Problem description — Leave out all images and set down the records exactly as given.

Material provided: Begin

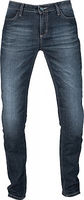 PMJ Rider,  jeans women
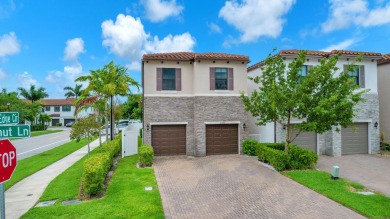 Beach Home For Sale in Riviera Beach, Florida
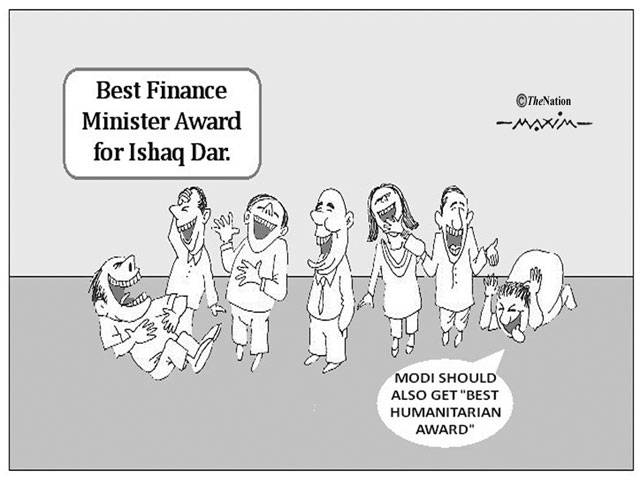 best-finance-minister-award-for-ishaq-dar-1476042255-5611.jpg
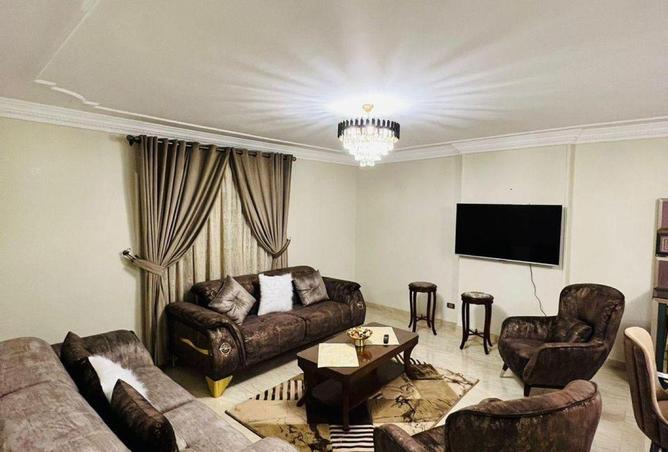 68782332 - صورة العقار 2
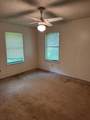 2101 Mistletoe Avenue - Photo 8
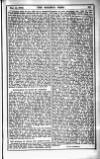 Railway News Saturday 25 November 1905 Page 11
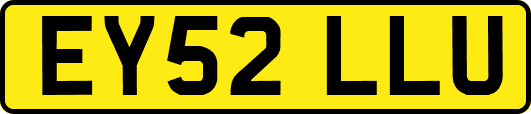 EY52LLU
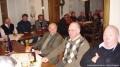 mgvgv2009_003.jpg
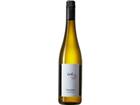 Winzerhof Ebringen Muskateller Spätlese, Feinfruchtig, Baden, Baden, 2024, Weißwein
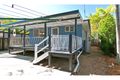 Property photo of 175 Broadwater Terrace Redland Bay QLD 4165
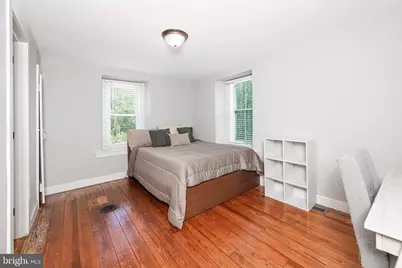 1222 Bethel Church Road, Spring City, PA 19475 - Photo 24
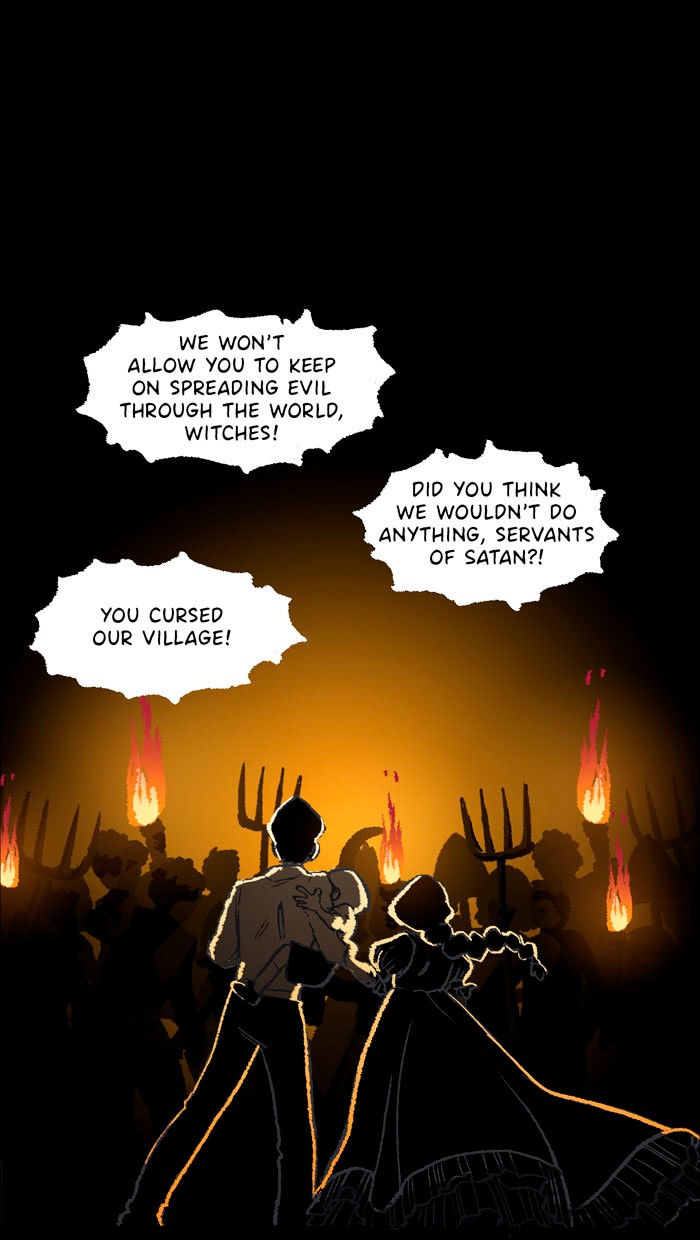 Read Hooky En Manga Online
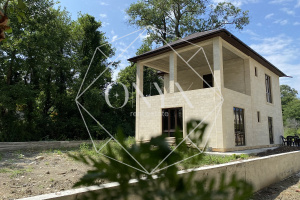 Изображение 9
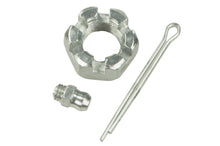 Load image into Gallery viewer, MS95608 Steering Tie Rod End Mevotech Supreme Canada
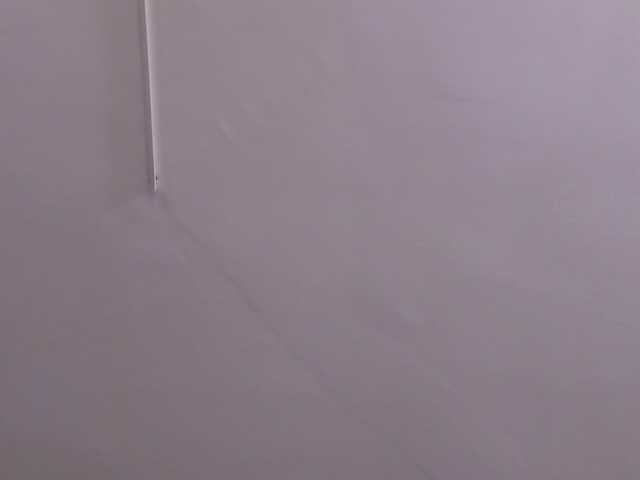 KiannaDestiny's BongaCams show and profile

Material provided: End

Task output —
 PMJ Rider,  jeans women
 Beach Home For Sale in Riviera Beach, Florida
 best-finance-minister-award-for-ishaq-dar-1476042255-5611.jpg
 68782332 - صورة العقار 2
 2101 Mistletoe Avenue - Photo 8
 Railway News Saturday 25 November 1905 Page 11
 EY52LLU
 mgvgv2009_003.jpg
 Winzerhof Ebringen Muskateller Spätlese, Feinfruchtig, Baden, Baden, 2024, Weißwein
 Property photo of 175 Broadwater Terrace Redland Bay QLD 4165
 1222 Bethel Church Road, Spring City, PA 19475 - Photo 24
 Read Hooky En Manga Online
 Изображение 9
 Load image into Gallery viewer, MS95608 Steering Tie Rod End Mevotech Supreme Canada
 KiannaDestiny's BongaCams show and profile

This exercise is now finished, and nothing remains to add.